Una de las tesis de Herzog es que el cine tiene una fuerza destructiva. Aniquila incluso a los más fuertes, “como Welles o Griffith”. Salvo excepciones, ningún cineasta de los buenos dura más de quince o veinte años. En más de un sentido él es una excepción. Por eso tiene la autoridad suficiente para postular que en el cine hay que dar señales de mucha prudencia. Parece un término difícil de asociar con alguien que, antes de la era de los drones, decidió filmar desde arriba la boca de un volcán en erupción, por citar sólo un caso. Sin embargo, Herzog está lejos de ser alguien que quiera morir. La clave del éxito de su extensa carrera radica en dos pilares: el cambio permanente en su filmografía, y las profusas actividades que realiza fuera del cine, como dirigir ópera, educar hijos, o viajar a pie, todas situaciones que lo tienen bien librado de esa pulsión de muerte.
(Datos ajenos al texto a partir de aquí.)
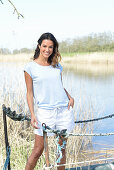 A young woman wearing a light-blue T-shirt and white shorts near river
Quizás por estas razones, la hazaña de terminar el rodaje de Fitzcarraldo en las condiciones en que lo hizo, siguiendo su íntima convicción, no despertó la euforia que podríamos imaginar.
No hubo ningún dolor, ninguna alegría, ninguna excitación, ningún alivio, ninguna sensación de felicidad, ningún sonido y tampoco ningún respirar hondo. Sólo hubo la comprensión de una gran inutilidad.
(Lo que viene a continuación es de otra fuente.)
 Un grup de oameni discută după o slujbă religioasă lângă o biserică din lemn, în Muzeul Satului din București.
Me despido de Huerequeque con un prolongado abrazo y dejo el puerto de Nanay. El avión que me transportará a Lima ya espera en el aeropuerto de Iquitos. La amazonia empieza a ser historia, y con ella mi excursión por el Perú. Siguiendo los pasos de Fitzcarraldo llegué a la desmesura de una geografía que se resiste a ser habitada por mi especie. A modo de cierre de esta crónica, hago propias las palabras de quien hizo que llegara al pulmón del continente siguiendo una huella, buscando dejar la propia.
Miré a mi alrededor, y en el mismo odio en ebullición se encontraba, furiosa y humeante, la selva, mientras que el río, con majestuosa indiferencia y sarcástico desdén, todo lo minimizaba: las fatigas de los hombres, la carga de los sueños y los suplicios del tiempo.